484. Where such powers are not already available, introducing legislative measures which require platforms or other third parties to report payment and identification data of P2P users and/or which allow tax administrations to request group information, could provide tax administrations with information needed to improve compliance or to enhance selection of cases for audit. The fact that data is reported would also be likely in itself to encourage greater self-reporting. As tax administrations continue to improve data use, increasingly it will be possible to join up this information with other income data, opening up options for pre-filling of tax returns or automatic checking of tax returns. Requiring withholding is also a possible tool, although in some contexts this may involve greater administrative difficulty for the tax administration, platform or taxpayer depending on the design of the withholding measure.

485. However, domestic legislative requirements may not be directly effective where the data is located in a jurisdiction other than the jurisdiction of the platform seller. In such cases, it may be possible to obtain agreement from the platform to supply information directly to the tax administration, although in some jurisdictions this could breach data protection requirements unless the consent of the platform user is obtained. Information can also be obtained from platforms located in other jurisdictions through individual requests for information to the relevant tax administration. However, in order to be accepted as a legitimate request, information would need to be sufficient to identify the individual taxpayer concerned or meet the criteria for group requests where applicable under international agreements. This approach will often not be very cost-effective or timely. Some tax administrations have attempted to increase the number of requests for information through web scraping techniques (i.e., techniques used to automatically extract data or collect information from the web), although this is not straightforward and the effectiveness of this approach may depend on the systems employed by the platforms.

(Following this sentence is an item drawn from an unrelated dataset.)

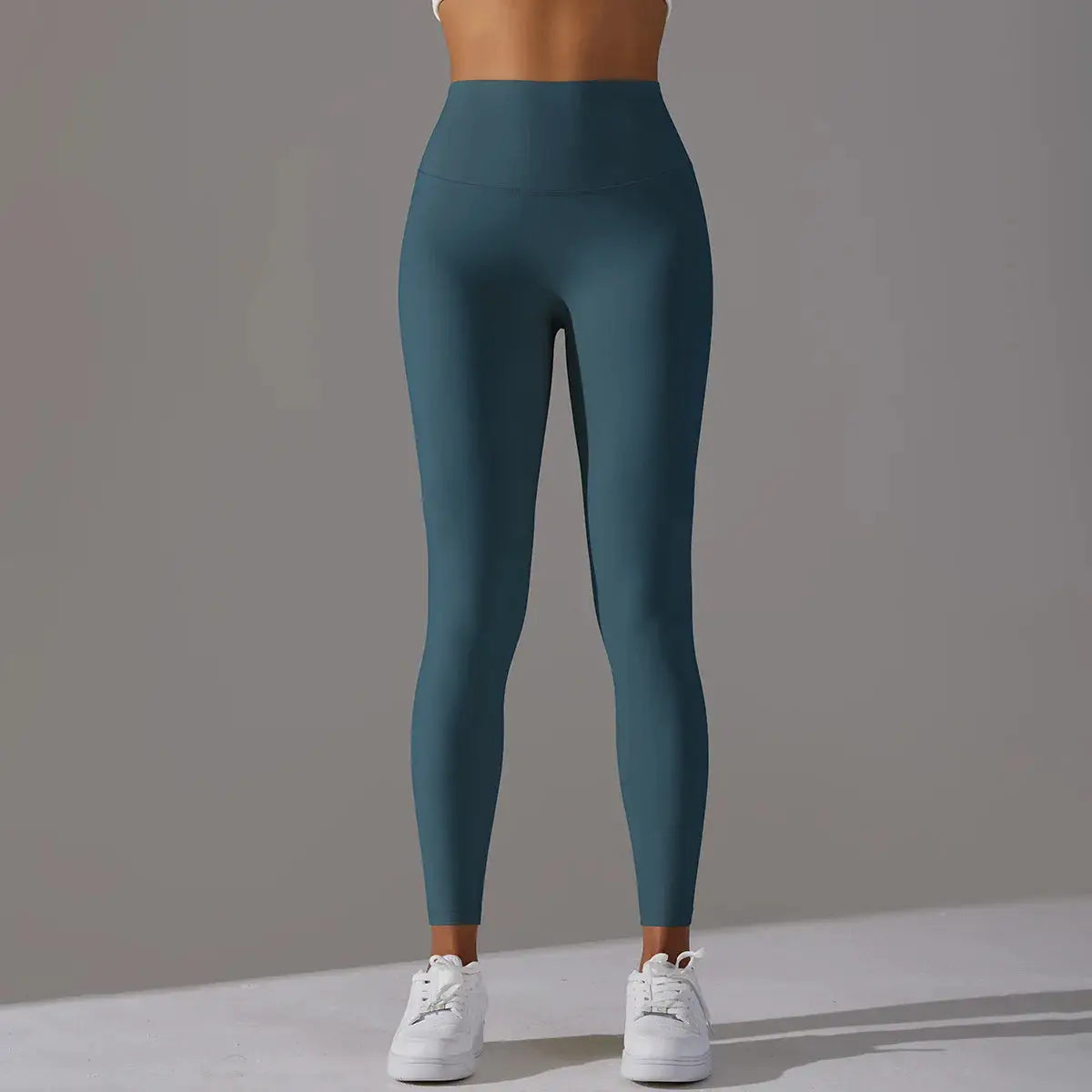 High-waist naked-feeling leggings in teal for fitness; women's full-length gym and yoga pants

Box 7.4. Obtaining tax information directly from platforms

The Estonian Tax and Customs Board (ETCB) has entered a cooperative agreement with two well-known ride-sharing platforms for information sharing. The platforms first ask consent from the drivers for income information to be shared with the ETCB. Where consent is given, the platforms compile the relevant data into a single file with names, personal codes and income amounts, and send this file to the ETCB before the beginning of income tax return submitting period. The ETCB prefills the natural persons’ income tax returns using all relevant data. The natural person has to check the prefilled data, amend if necessary and submit the income tax return. The process is entirely electronic.

The Finnish Tax Administration (FTA) has focused efforts on sharing economy platforms related to the accommodation industry, P2P lending and crowd funding activities. While domestic legislation has been effective at collecting third party data from P2P and crowd funding platforms within Finland, it cannot be applied where the platform only has a presence in a third country. The FTA has also used website scraping techniques and international administrative cooperation, including receiving data through spontaneous exchange. However, data obtained in this way has often not been complete and has faced administrative obstacles.

In Mexico, the Mexican Tax Administration (SAT) has worked with a ride-for-hire service in order to help their drivers to comply with tax regulations, including sending electronic invoices to all their customers. As part of this, the ride-for-hire service requires that a driver obtains the electronic certificate required to digitally sign invoices before registering with the platform. Drivers are able to use the platform’s own systems to file and send invoices to the customers and to SAT, as well as to download them for record keeping purposes.

In Ecuador, the Ecuadorian Tax Administration has worked with a taxi company in such a way that the company will prepare, file and send each month an electronic invoice to each passenger for their usage of the platform (their rides). In addition, each driver will prepare an electronic invoice relating to the commission they would receive from the taxi company. The Tax Administration will receive all of these invoices electronically.

Adopting a collaborative approach

486. In that context, there is a strong case for collective discussions between tax administrations and platforms about possibilities for obtaining access to transaction and identification data held by multi-sided platforms, particularly where they involve P2P transactions. Through the OECD’s Forum on Tax Administration, 50 tax administrations have recently agreed to collaborate on such a project to be completed in 2018 which will have four components:

  1. To develop a common understanding of the various types of platforms, the scale of the challenges and opportunities, and the location and accessibility of platform data.

  2. Understand the approaches already applied by different tax administrations in order to increase tax compliance amongst platform users, including through education, legislative changes, and collaboration with the platforms.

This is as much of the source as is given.